Mt. Pleasant News   Wash Journal
Neighbors Growing Together | Oct 18, 2017

Supervisors discuss bridge report

By Nicole Major, Ledger staff writer | Mar 08, 2017

The Jefferson County Board of Supervisors met with county engineer Scott Cline Monday to discuss the county’s bridge report.

According to the report, there are 45 bridges in Jefferson County that are currently structurally deficient.

“What that means is that they are safe, but may have reduced weight limits,” supervisor Dee Sandquist said during an interview today.

“Actually, that number is pretty decent because we have 148 bridges in the county,” supervisor Lee Dimmitt said today, adding that he thought the number of deficient bridges might be even lower for the county because several bridges have recently been replaced with either boxed culverts or tanker cars.

“Those aren’t reflected in those numbers,” he said. “But on the same token, there are some that need to be added to the list. You replace some, then others need replacing.”

“It’s an ongoing process,” Sandquist said. “That’s why it’s important to keep infrastructure repairs going on a regular basis.”

Sandquist said 4,061 bridges have been deemed structurally deficient in Iowa. Around 217 bridges have been closed because they are no longer safe to travel on.

“None of those were closed in the county, as far as I know,” she said.

Dimmitt agreed, and said he wasn’t aware of any permanently closed bridges, either.

“Where we’ve closed bridges over the years, we’ve actually taken them out,” he said. “There are some that we’ve replaced with low-water crossings … but I’m not aware of any permanently closed bridges in Jefferson County.”

Dimmitt said Calhoun-Burns & Associates of West Des Moines, a firm the county hired to complete bridgework, recently suggested that the county shore-up a bridge on 148th Street that was in the process of having its weight limit lowered.

“We shored up a bridge to move it back from a [proposed] six tons to a 13-ton load limit,” Dimmitt said.

Cline said the road department had been told to lower the bridge, which was on a school bus route, to 6 tons, and the road department had started the process. However, after the directive from Calhoun-Burns & Associates, the bridge was returned to its 13-ton load limit. Several other bridges across the county are scheduled for replacement by either railroad tanker cars or boxed culverts.

In other news, the county supervisors approved the hire of Dave Taft to replace retiring county janitor Lonnie Hesseltine. Hesseltine has worked as the county’s janitor for 29 years. His last day is March 31.

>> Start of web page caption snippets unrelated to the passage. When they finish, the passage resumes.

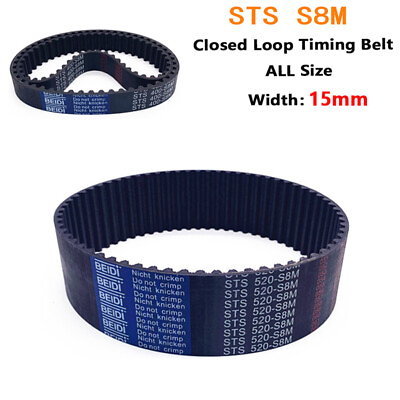 #ad STS S8M Timing Belts Pitch 8mm Close Loop Rubber Timing Pulley Belt Width 15mm $19.29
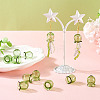 10Pcs Glass Bead Caps for Wind Chimes Making GLAA-BY0001-05C-7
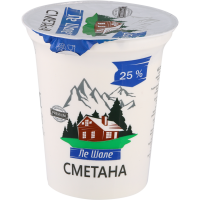 

Сметана "ЛЕ ШАЛЕ" (25%) 330г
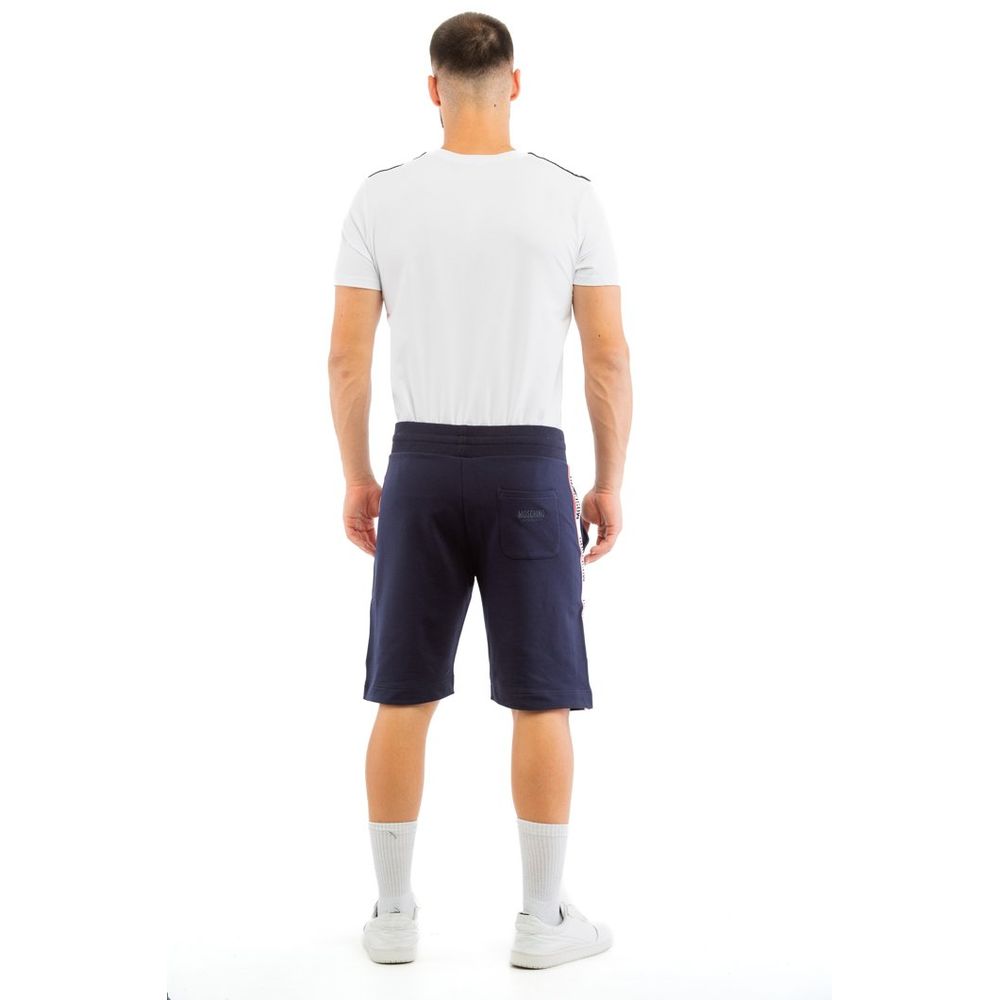 Blue Cotton Bermuda Shorts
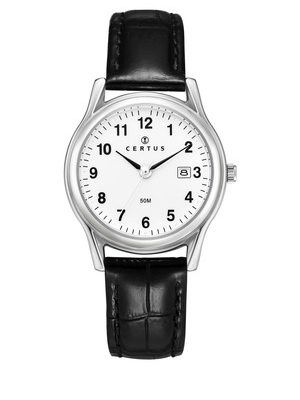 montre-femme-ronde-cuir-644385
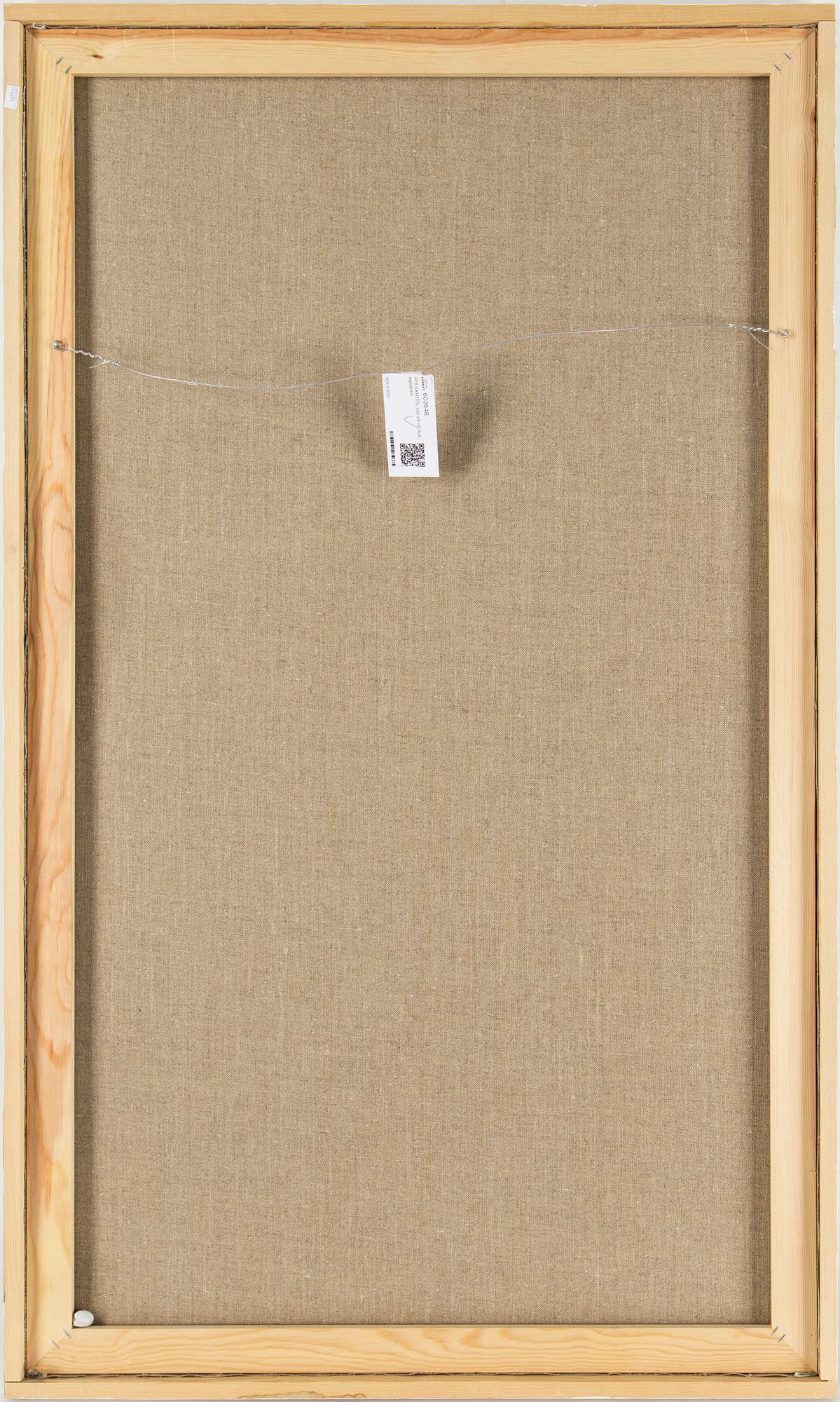 IRIS SANTÉN, olja på på duk, signerad.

“Lonnie [was] always there doing his job,” Dimmitt said. “When we’d come in in the morning hours, he’s been there before we arrive and everything was done — the place was clean, the snow shoveled, trees trimmed, lawn mowed … he took care of everything you tend to take for granted. There were times when he knew a storm was coming, and he’d stay overnight at the courthouse to make sure he was there in the morning to shovel snow — that’s the kind of dedication he had, and he will be greatly missed.”

Sandquist said Taft would have both janitorial and maintenance responsibilities.

“He was hired at a little bit higher rate, but we figured it was warranted for the cost savings in contracting out for repairs,” she said. “We had very well qualified applicants.”